Sage has been used for centuries to treat a variety of ailments, from wounds and sore throats to digestive disorders. It is also thought to be an effective treatment for arthritis and eczema. Many different types of sage can be grown in the garden or around the house: common sage (also known as garden sage), pineapple sage, lemon-scented sage, and silver queen. Some people even use it in their cooking.

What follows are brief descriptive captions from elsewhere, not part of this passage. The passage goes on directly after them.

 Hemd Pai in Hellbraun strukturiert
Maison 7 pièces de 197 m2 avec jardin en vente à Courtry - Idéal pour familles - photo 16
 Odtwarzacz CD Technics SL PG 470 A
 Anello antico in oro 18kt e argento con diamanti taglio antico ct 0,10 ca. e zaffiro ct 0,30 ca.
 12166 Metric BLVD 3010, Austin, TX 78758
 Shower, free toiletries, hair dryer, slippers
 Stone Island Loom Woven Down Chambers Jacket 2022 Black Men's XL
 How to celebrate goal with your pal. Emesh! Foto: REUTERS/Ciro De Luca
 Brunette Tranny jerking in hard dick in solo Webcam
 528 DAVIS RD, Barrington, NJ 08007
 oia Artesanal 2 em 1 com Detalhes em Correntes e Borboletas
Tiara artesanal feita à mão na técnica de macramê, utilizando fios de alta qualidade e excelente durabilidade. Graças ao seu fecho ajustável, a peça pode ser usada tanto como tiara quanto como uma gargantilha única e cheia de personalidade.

The health benefits of this plant have long been recognized by herbalists who recommend drinking infusions made from its leaves because they provide relief from coughs, colds, bronchitis, asthma attacks, sinus headaches, and allergies. The infusion is made by pouring boiling water over fresh or dried leaves, allowing it to steep for 10 minutes, and drinking 3-4 times a day.
More recently, researchers have discovered that sage may beneficial in treating Alzheimer’s disease. A study involving mice suggests that an active ingredient of the plant’s oil called “Salvin” slows down dementia. Salvin has also been seen to prevent the formation of amyloid plaques which are responsible for brain cell death in people with Alzheimer’s disease. It encourages synapses between nerve cells, preventing brain cells from dying too soon.
The University of Maryland Medical Center suggests using sage as medicine only if you are pregnant or breastfeeding because there is not enough known about its effect on unborn or nursing infants. To be safe, avoid taking high doses of sage for prolonged periods.
Major Side Effects:
Side effects of sage may include Headache; dizziness; nausea; vomiting; and, in rare cases, kidney failure and seizures. People allergic to the daisy family of plants should avoid taking sage as it could cause a reaction. Other possible adverse reactions include hallucinations and reduced heart rate. The use of sage on broken skin (especially the face) has also been known to produce irritation and burning sensations.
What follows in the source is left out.